見なければいけないのは、優生思想と近代国民国家が有機的に結びついていたという事実である。国家の存続と強化のために(つまり国家の名の下に)、人間を選別し、劣等な者を排除すること、さらには劣等な人種、民族を支配することが合理化された。もし、「国家」というエレメントがなければ、優生思想はありえなかっただろう。したがって、「誰が、どんな権限でいかなる基準で人間を価値づけるのか」という問いには、それは「国家」であり、基準とは「国家の維持と強化に有用か否か」、すなわち「国家にとって価値があるか、無価値か」であると答えることができる。

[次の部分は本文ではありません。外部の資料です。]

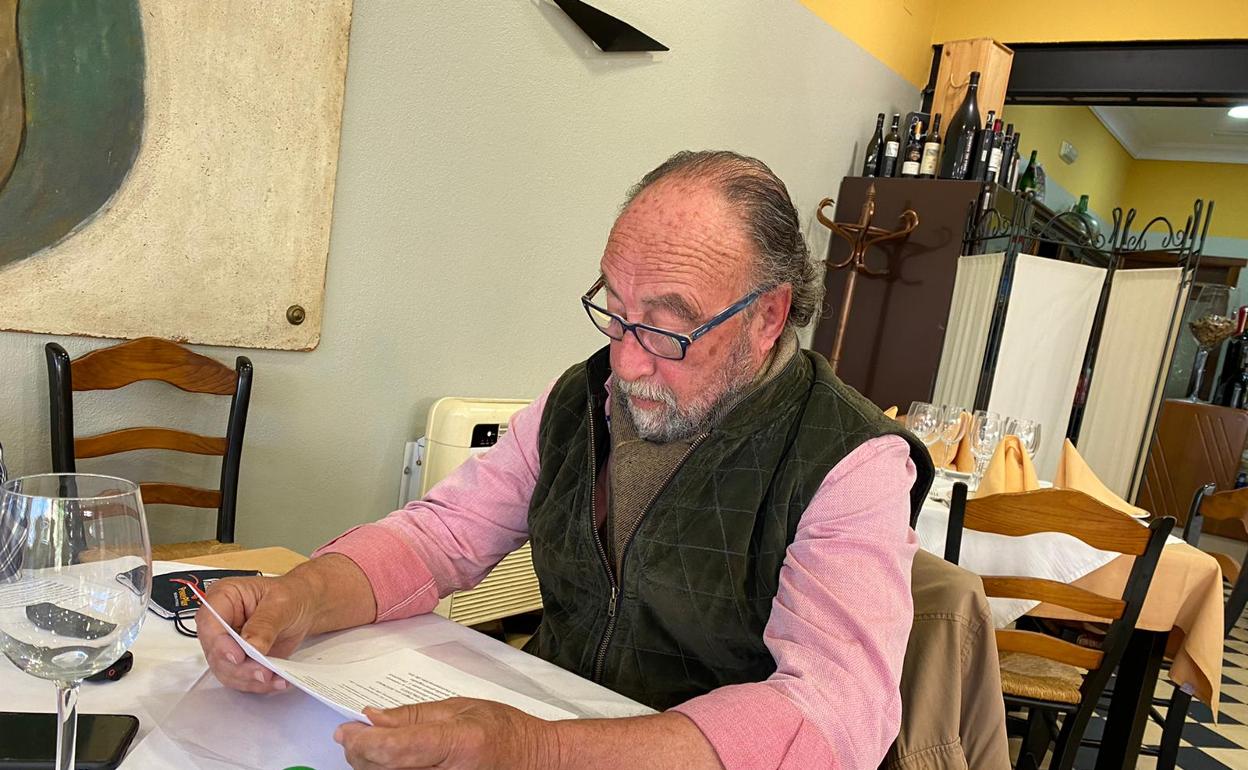 Valentín Cortés Espadiña, de la candidatura alternativa a la junta directiva de AFENAD, lee su comunicado en rueda de prensa.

近現代国家には、優生思想、人種主義が内包されており、ナショナリズムが争点化される局面でこのイデオロギーが持ち出される時には、国家を前提とする法も憲法ももはや対峙できないだろう。優生思想や人種主義に、国家による戦争への「国民総動員体制」(あるいは総力戦思想)を加えても良い。これらに共通しているのは、最終的には民衆を道連れに絶滅になだれ込んでいく傾向性である。そして現代にあっても国家がある以上、これらのイデオロギーは息をひそめながらも生き残っていると考えるべきだ。実際2016年に起こった相模原障害者殺傷事件で、犯人植松が、障害者の無差別殺戮を合理化するための根拠として持ちだしたのは、他でもなく「無価値な人間は国家のために殺すべきだ」というあからさまな国家の論理であり、その主張を国家にオーソライズさせるべく総理大臣宛の嘆願書を送り届けようとしていたのである。
本来は「新反動主義」の批判をテーマにするつもりが、ナチスとファシズムだけの議論になってしまった。「新反動主義」については後日改めて考えてみたい。